J’ai remarqué que Chachnaq n’a pas été pris pour ce qu’il est véritablement, c’est-à-dire un mythe de fondation moderne comme il en existe un peu partout dans le monde.
Ceux qui l’ont pris ou feint de le prendre pour un personnage historique lui ont fait grief de faire intrusion dans l’histoire algérienne et ce, sans avoir respecté la moindre règle de vraisemblance qui puisse dégager une impression de vérité. D’autres ont remis en cause son origine berbère, alors que d’autres ont stigmatisé ses origines païennes, autrement dit son appartenance à l’époque antéislamique de la Jahiliya . Pourtant, un mythe se moque de tous ces détails. Plutôt que de supputer sur l’historicité du récit véhiculé par le mythe, il vaudrait mieux tenter de comprendre son rôle et pourquoi il existe. Chachnaq est la résultante d’une combinaison d’histoire et d’imagination. Il est né d’une reconstruction des faits qui se seraient déroulés il y a environ trois mille ans.
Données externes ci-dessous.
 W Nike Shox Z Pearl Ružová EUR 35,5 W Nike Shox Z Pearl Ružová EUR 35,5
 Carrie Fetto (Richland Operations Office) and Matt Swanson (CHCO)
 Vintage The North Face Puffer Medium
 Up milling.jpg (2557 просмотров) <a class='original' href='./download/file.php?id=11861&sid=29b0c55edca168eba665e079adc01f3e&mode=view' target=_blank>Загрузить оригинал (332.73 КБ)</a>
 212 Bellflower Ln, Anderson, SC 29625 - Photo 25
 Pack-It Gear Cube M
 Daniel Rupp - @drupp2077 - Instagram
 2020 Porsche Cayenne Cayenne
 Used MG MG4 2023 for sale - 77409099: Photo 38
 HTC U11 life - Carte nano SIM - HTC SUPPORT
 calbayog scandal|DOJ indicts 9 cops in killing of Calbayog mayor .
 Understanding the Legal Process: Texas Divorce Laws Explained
Les Berbères (les Algériens arabophones et berbérophones) avaient besoin d’un point d’ancrage historique pour faire débuter leur calendrier. Ce point d’ancrage, ils viennent de le trouver en le pharaon berbère, qui plus est, a été mentionné dans la Bible (2 Chroniques 12,3). Faut-il y voir un désir d’anoblissement ? Toujours est-il que ce roi de l’Égypte antique avait mené une campagne militaire contre Juda et Israël en mobilisant » mille deux cents chars et soixante mille cavaliers » composés de « Libyens, des Sukkiens et des Éthiopiens… » (2 Chroniques 12,3).
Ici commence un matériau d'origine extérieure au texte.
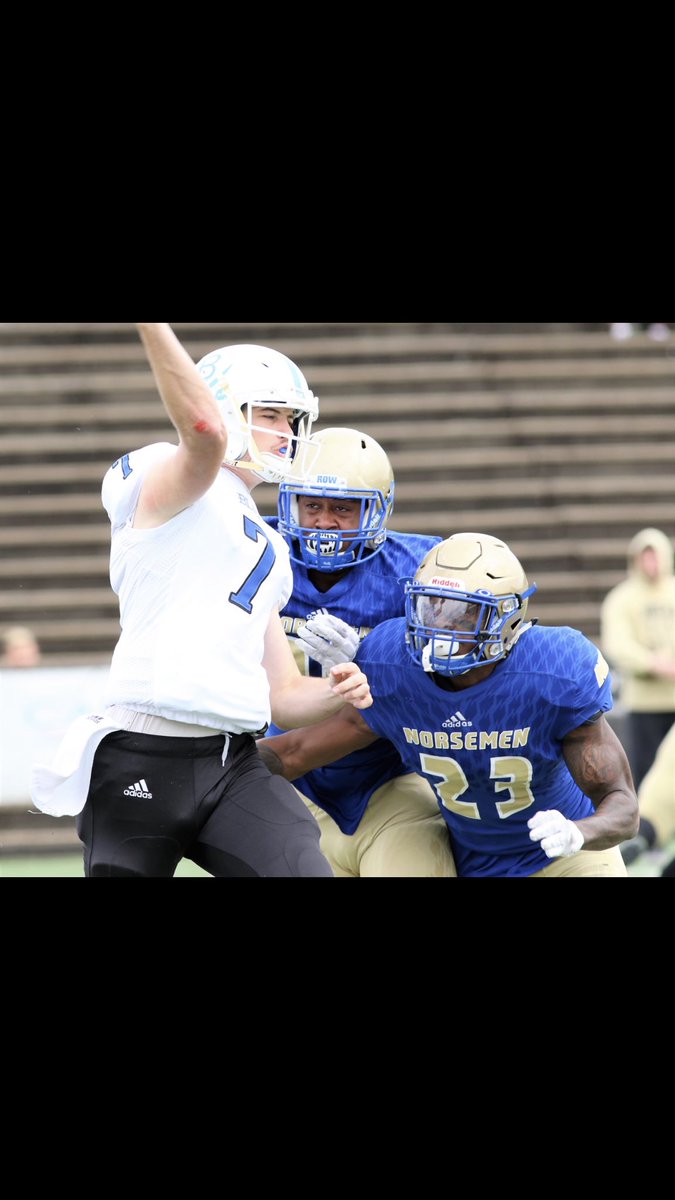 Isaiah Richardson (@ZaiRich25) | Twitter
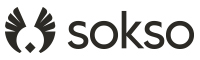 SOKSO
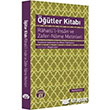 tler Kitab Rahatl nsan ve Zafer Name Metinleri Byyen Ay Yaynlar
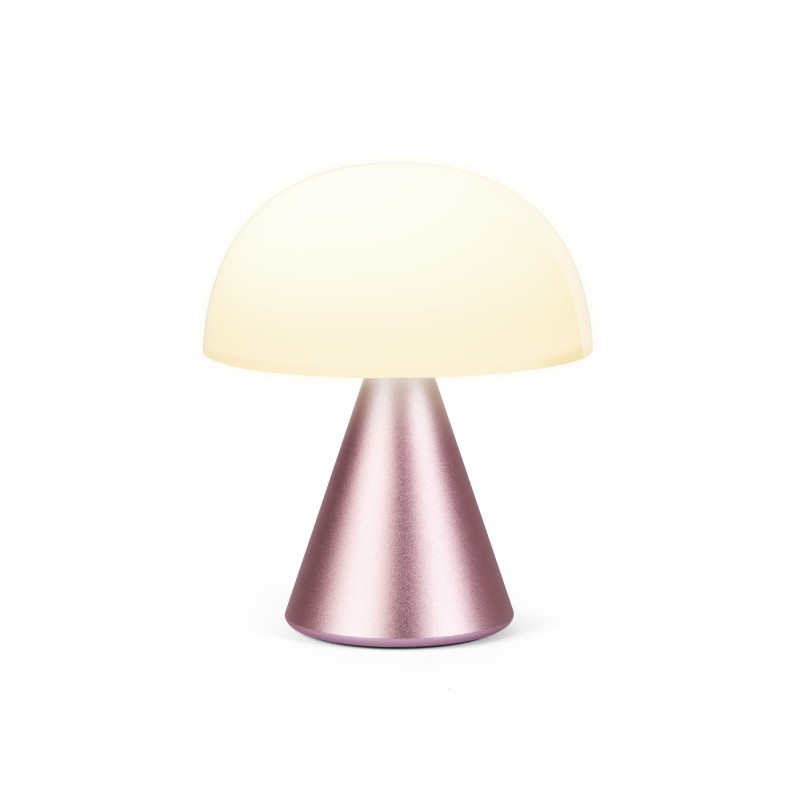 MINA Lampe Medium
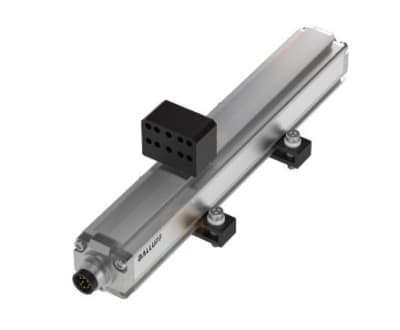 BALLUFF BTL5-S104-M0250-P-S32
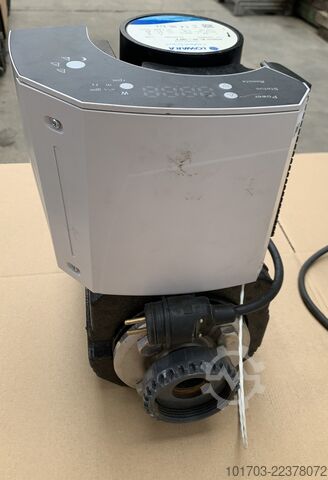 Pump Lowara Ecocirc XL 40-180 F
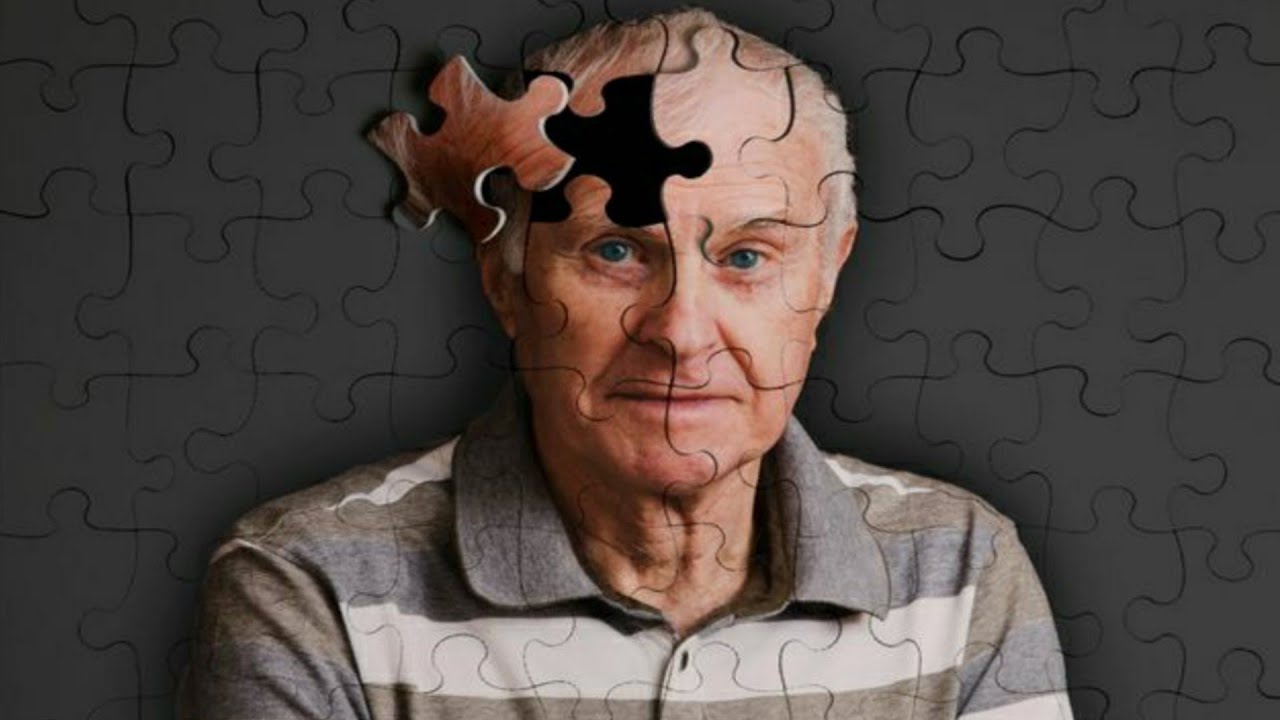 TEXT 2: TO BRING BACK LOST MEMORIES / 2-MATN: YO'QOLGAN XOTIRALARNI QAYTA TIKLASH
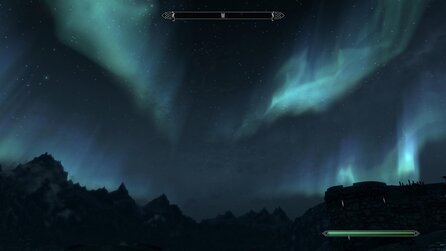 Himmel in The Elder Scrolls 5: Skyrim - Screenshots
On sait que souvent les mythes de fondation prennent appui sur des guerres lointaines et oubliées, car les événements du passé font l’objet de relecture incessante. La guerre d’indépendance algérienne a permis de voir en Rome un ancien colonisateur et en Jugurtha l’ancêtre de l’émir Abdelkader. On l’aura compris, la résurrection d’un mythe constitue un marqueur d’une évolution politique et culturelle de la société. D’ailleurs ce type de résurrection est précédée toujours par des écrits retraçant la vie du personnage oublié. Le retour de la Kahina ou Dihya et son insertion dans la vie contemporaine algérienne fait suite à une profusion de production mythico-romanesque et de recherche académique prenant comme objet cette héroïne de la résistance à la conquête arabe. L’aboutissement de ce processus s’est concrétisé d’ailleurs par l’érection en son honneur d’une stèle à Baghaïa. Pour revenir à Chachnaq (Schischak de la Bible) : ce n’est pas seulement le travail du militant Ammar Negadi de l’Académie berbère qui a servi d’aiguillon à son retour spectaculaire mais il y a aussi les livres qui ont fait revivre le personnage. On peut citer l’Histoire d’amour de Sheshonq 1er roi berbère et pharaon d’Egypte de Youcef Allioui (2013) et Les chachnaq, pharaons berbères d’Égypte. Retour sur une vérité historique souvent méconnue de Kamel Chehrit (2016). On notera également le travail de vulgarisation autour du personnage réalisé par l’écrivain d’expression berbère, Brahim Tazaghart.
En outre, d’autres pays dont la France ont connu ces phénomènes de mythification consciente ou inconsciente de l’histoire. Des personnages tels Jeanne d’Arc et Vercingétorix furent à maintes reprises « retouchés » . Longtemps oubliés, on ne dut se rappeler de ces héros qu’au XIXe, voire au XXe siècle. L’exemple de Jeanne d’Arc que les Français avaient comparée à Lalla Fadma N’Soumer, est édifiant. Condamnée par l’Église et exécutée sur le bûcher en 1431 sur ordre des Anglais contre lesquels elle a pris les armes, son souvenir est revenu à la faveur de la Révolution française. L’historien Jules Michelet lui consacra un livre où il fit d’elle une » sainte républicaine » et l’ennemie jurée de l’Église. Par la suite, toute une littérature revisitant cette héroïne vint s’accumuler en sa faveur avant que le Vatican décide de sa canonisation et l’Assemblée nationale instituer en 1920 une fête de Jeanne d’Arc. Depuis, on vit se multiplier partout en France des stèles célébrant l’héroïne qui a « incarné le peuple français ».